**Instructions to follow**
The answer must consist solely of the lines below starting at the one containing "2022 Toyota Camry" and ending at the one containing "vă rugați lui", repeated exactly, with both ends included and all pictures omitted.

**Given entries**
..............................
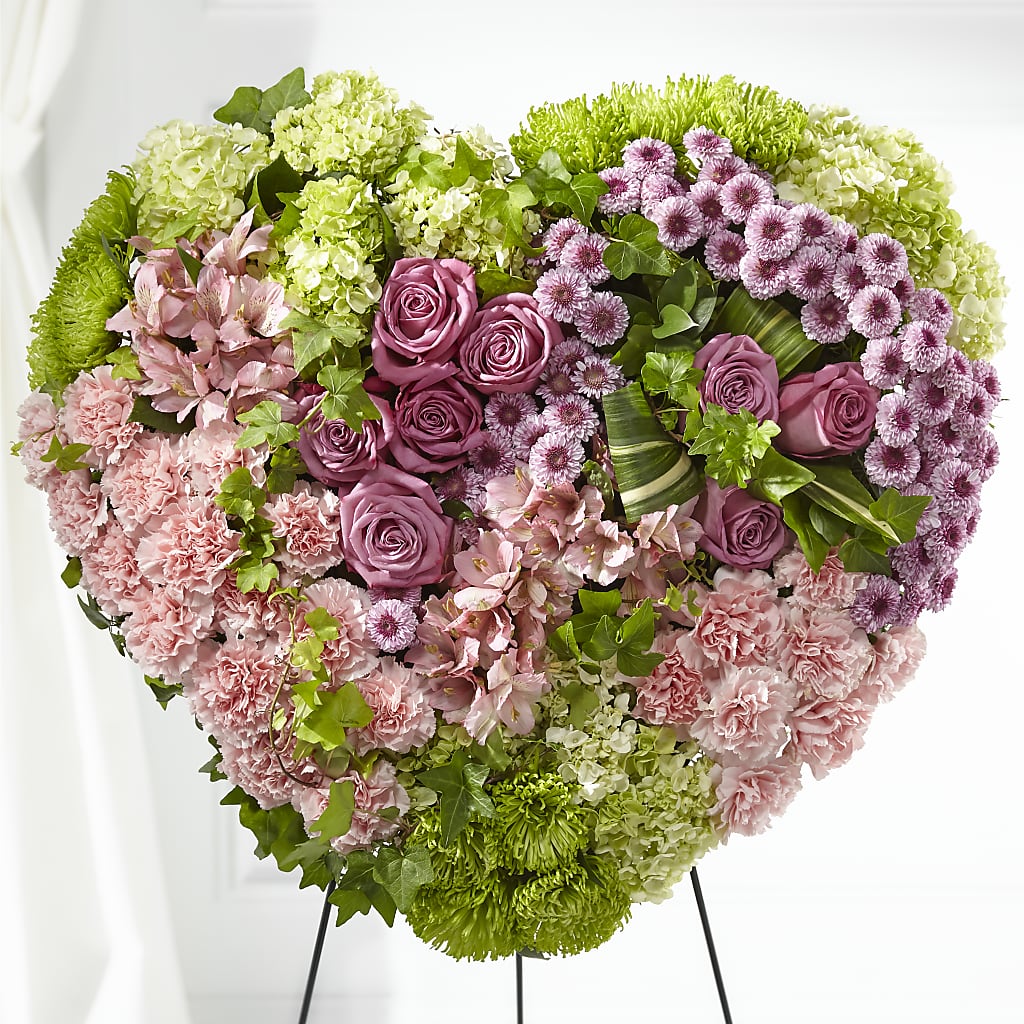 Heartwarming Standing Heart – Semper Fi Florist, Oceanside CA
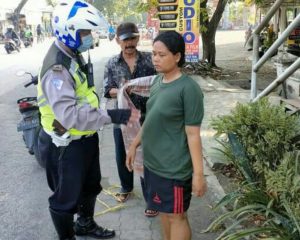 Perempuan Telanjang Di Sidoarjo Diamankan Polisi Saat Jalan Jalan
..............................
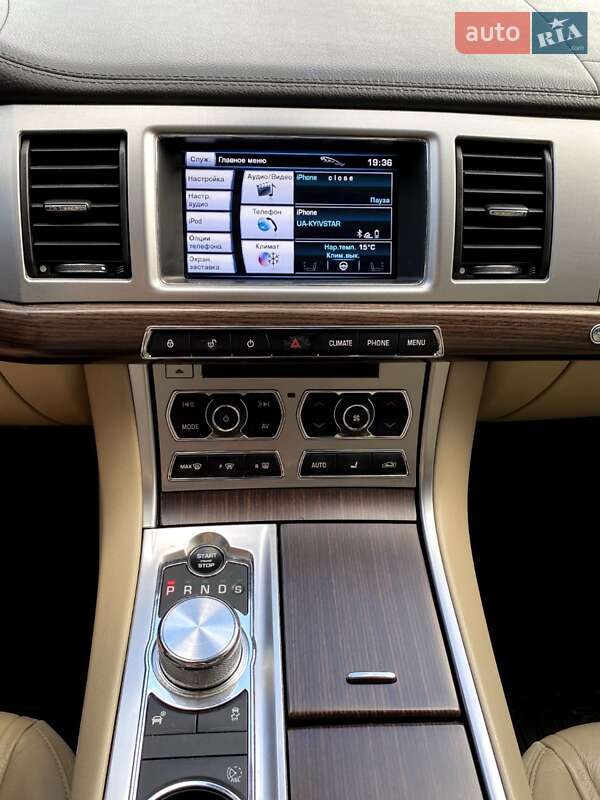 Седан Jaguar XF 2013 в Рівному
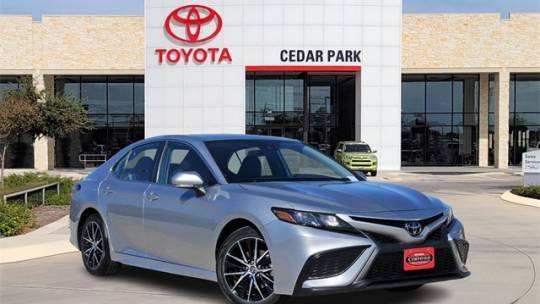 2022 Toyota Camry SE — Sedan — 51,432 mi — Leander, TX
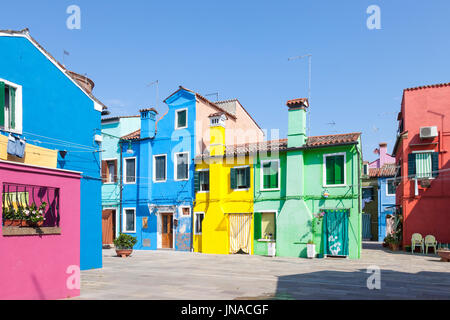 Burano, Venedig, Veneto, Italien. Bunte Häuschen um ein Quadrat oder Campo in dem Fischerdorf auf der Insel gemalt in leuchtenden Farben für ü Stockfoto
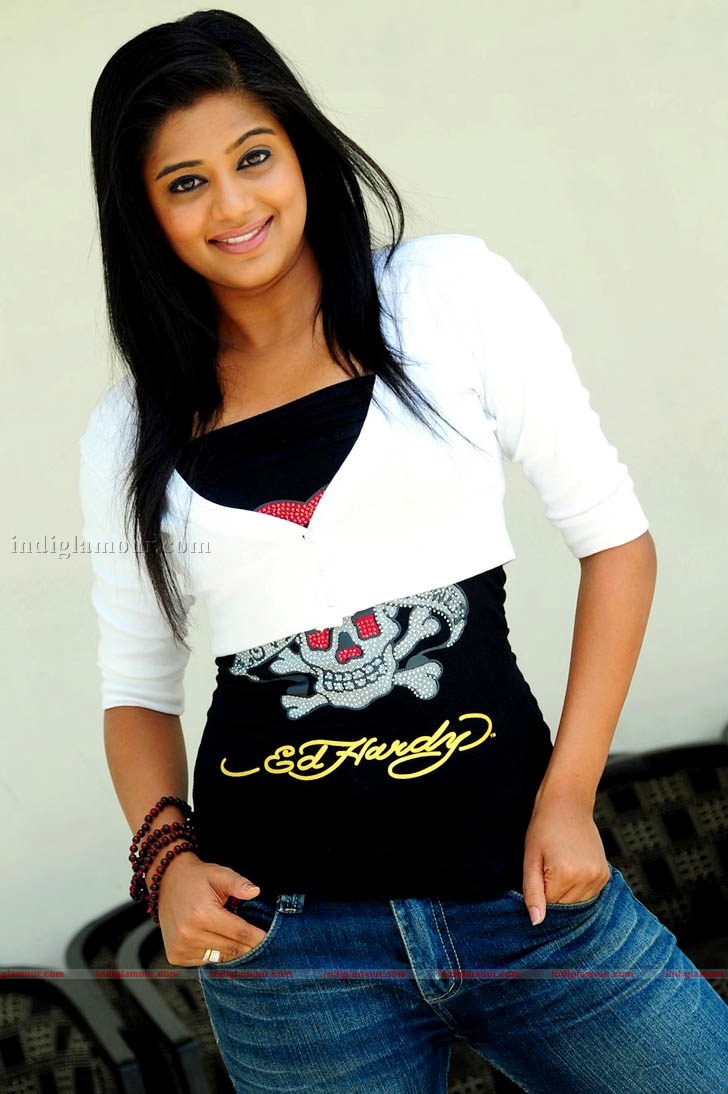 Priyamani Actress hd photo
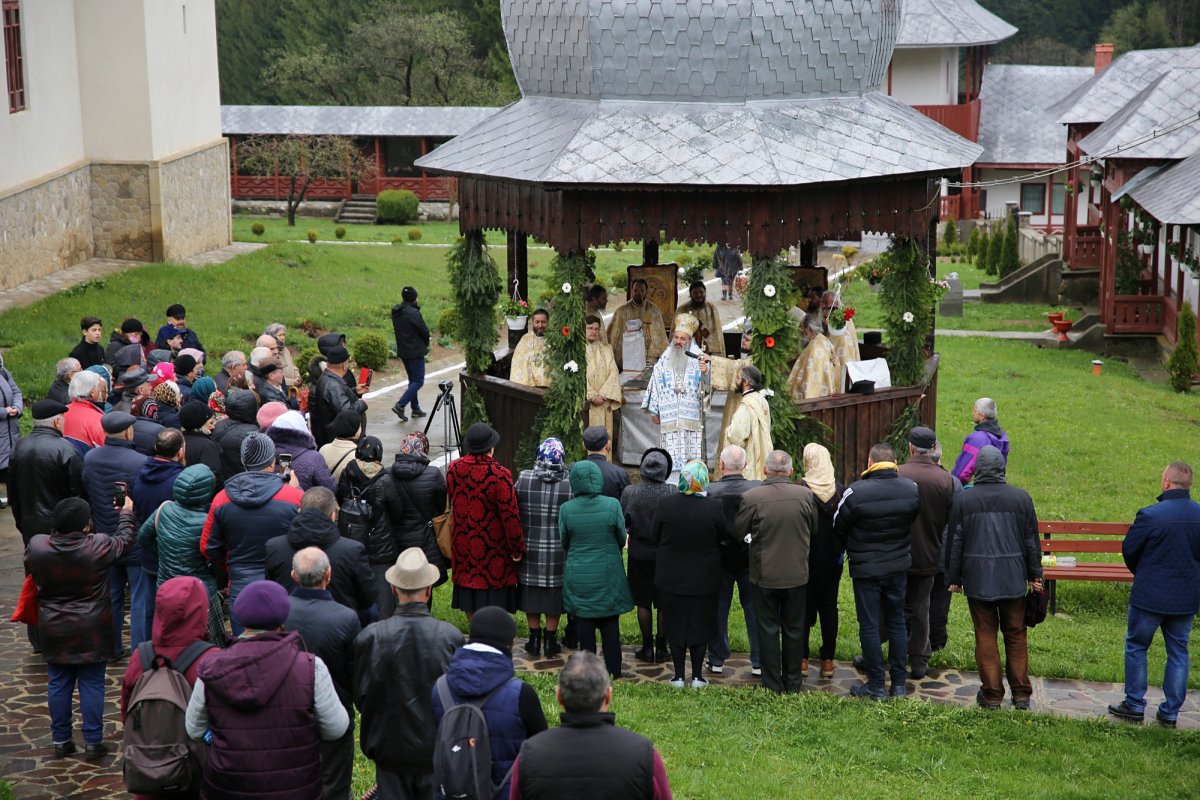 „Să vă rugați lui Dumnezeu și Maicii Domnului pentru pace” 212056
..............................
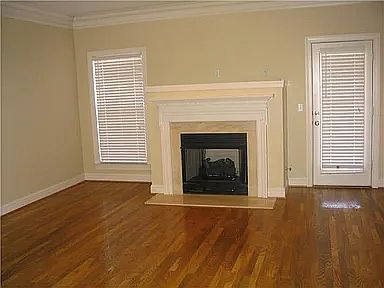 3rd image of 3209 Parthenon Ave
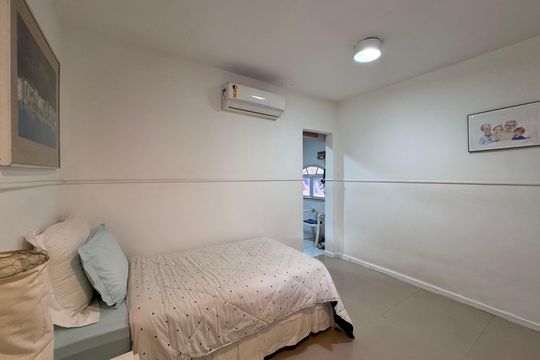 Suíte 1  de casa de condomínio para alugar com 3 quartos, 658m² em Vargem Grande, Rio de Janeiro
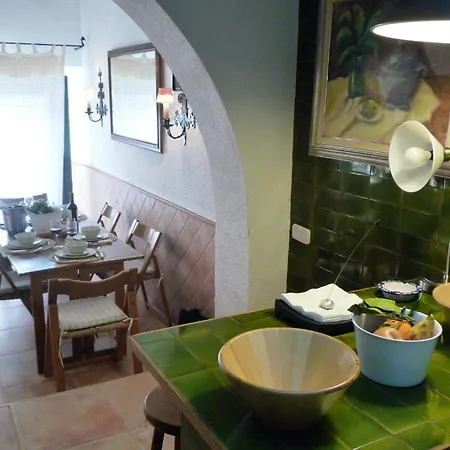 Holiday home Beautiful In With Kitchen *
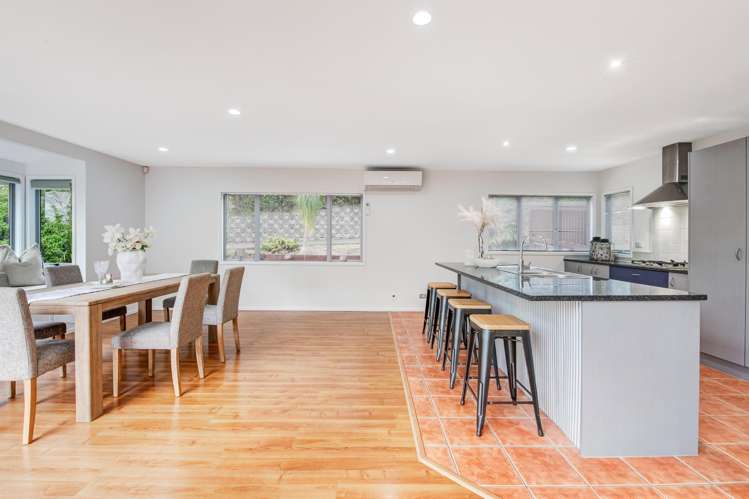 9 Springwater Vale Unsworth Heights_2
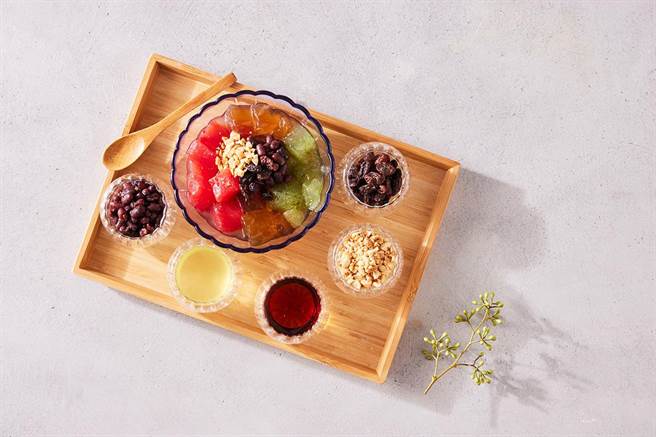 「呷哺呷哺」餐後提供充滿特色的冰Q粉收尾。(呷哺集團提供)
..............................
**Task result**
 2022 Toyota Camry SE — Sedan — 51,432 mi — Leander, TX
 Burano, Venedig, Veneto, Italien. Bunte Häuschen um ein Quadrat oder Campo in dem Fischerdorf auf der Insel gemalt in leuchtenden Farben für ü Stockfoto
 Priyamani Actress hd photo
 „Să vă rugați lui Dumnezeu și Maicii Domnului pentru pace” 212056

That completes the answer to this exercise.